Departemen kesehatan nasional China menetapkan bahwa tujuan bank sperma adalah untuk mengobati infertilitas dan mencegah penyakit genetik.
Dalam praktiknya, wanita yang belum menikah dilarang menggunakan bank sperma.
"Kami ingin membantu para wanita lajang ini, tetapi sayangnya kami benar-benar dibatasi secara politis," kata Liu Jiaen, direktur rumah sakit kesuburan di Beijing.
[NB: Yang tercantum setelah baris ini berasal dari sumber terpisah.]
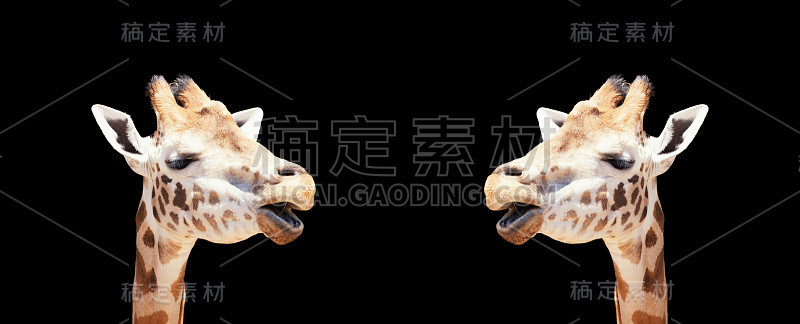 两个长颈鹿聊天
Para wanita harus melakukan perjalanan ke luar negeri untuk prosedur medis, karena hukum Tiongkok melarang impor sperma manusia.
Perempuan juga menghadapi diskriminasi; dalam budaya China, di mana perkawinan masih dianggap penting untuk memiliki anak.
Di China, donor sperma harus bersifat anonim.
Tetapi bank sperma internasional menawarkan detail kepada wanita seperti warna rambut, foto masa kecil, dan latar belakang etnis.
"Jika Anda memilih untuk menggunakan donor sperma, sperma pada dasarnya adalah komoditas," kata Carrie, seorang ibu tunggal berusia 35 tahun yang tinggal di China barat daya yang juga tidak mau disebutkan identitas aslinya.
Carrie mengatakan bahwa bank sperma internasional lebih canggih daripada di China, dan "mampu memenuhi permintaan konsumen".